The Guiltiest Bounty Hunter
Hands up! You are reading the TEETH newsletter, written and compiled by the revolutionary agent Jim Rossignol and secret contact Marsh Davies. This is a newsletter about table-top role-playing games: our own—that we’re publishing over here and also here —as well as interviews, links, and general noodling. Want us to see your work? Get in touch!
Hello, You
Links!
Notoriously Alone With My Guilt
Hello, you.
Teeth news is that Marsh has neeeeaaaarly finished designing, illustrating, and laying out the book! He’s like a wizard!
We’re going to talk about some of the challenges involved in that within the next newsletter, but I have to say that most of the challenges were Marsh’s, because he had to do all the drawing and fiddle formatting stuff, work which is beyond my rough spade-like hands and gentle poet’s mind.

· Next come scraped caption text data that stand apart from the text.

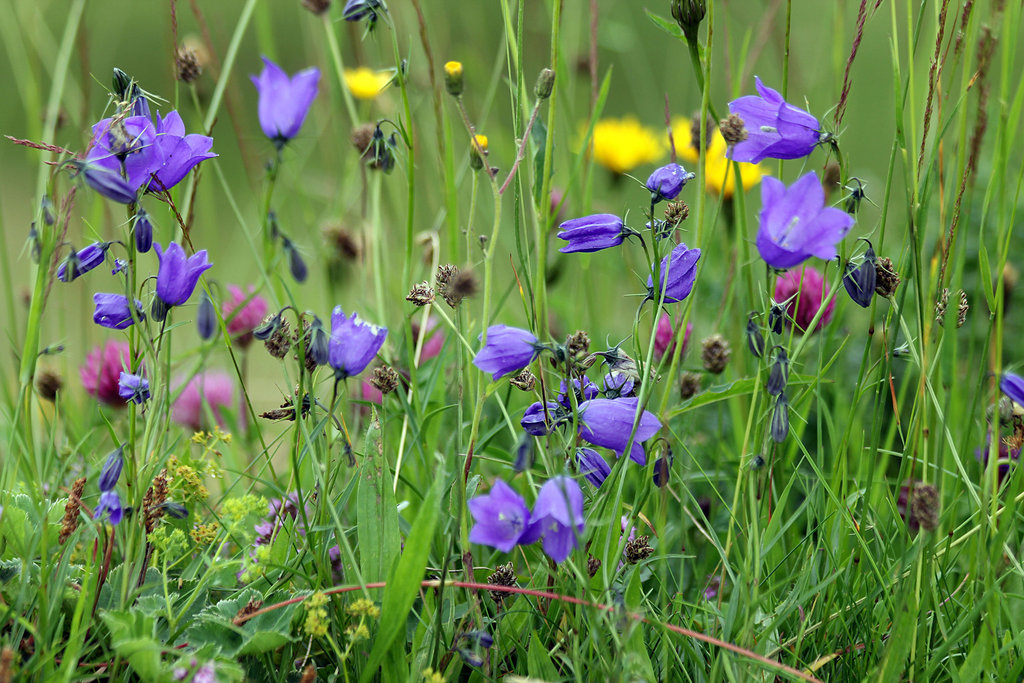 Almwiesenblumen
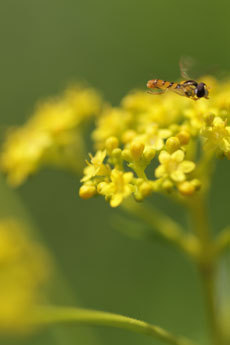 open_2011_098_s.jpg
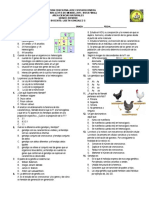 Evaluacion Mañana 3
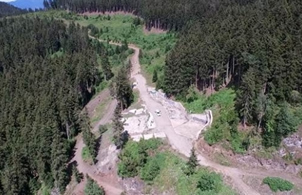 Cerattepe deki Maden İçin Bölgeye Özgü Yüz Binlerce Arı Görmezden Gelinmiş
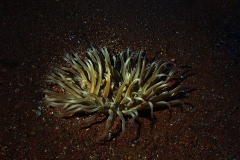 Eolie_lug_24_48_800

Most importantly this means that the book itself should land in this near half of this year, and we’ll be excited to share it with you! Thanks to everyone who contributed to the beta testing, you are a credit yourselves and your people.
LINKS!
I am fascinated by the prolific Lucas Rolim’s work, and Mini Kingdom is no exception. It is a “non-violent” or “conversation starting” RPG session, in which combat is definitely not the answer. The mini part is quite literal, by the way.
This is actually several years old now, but having been Googling some stuff around Mörk Borg, I have to say that “Mörk Borg’s Putrescence Regnant is a grim ‘bog crawl’ adventure releasing as a vinyl music album” is the best Mörk Borg headline I have ever seen.
Why was I Googling around Mörk Borg stuff? We were looking at the Bare Bones Edition, which is certainly bare bones in the sense that the punk rock layout and black metal art stylings are missing, but it still manages to fill countless pages with grimdark psalms as flavour text. They can’t help themselves!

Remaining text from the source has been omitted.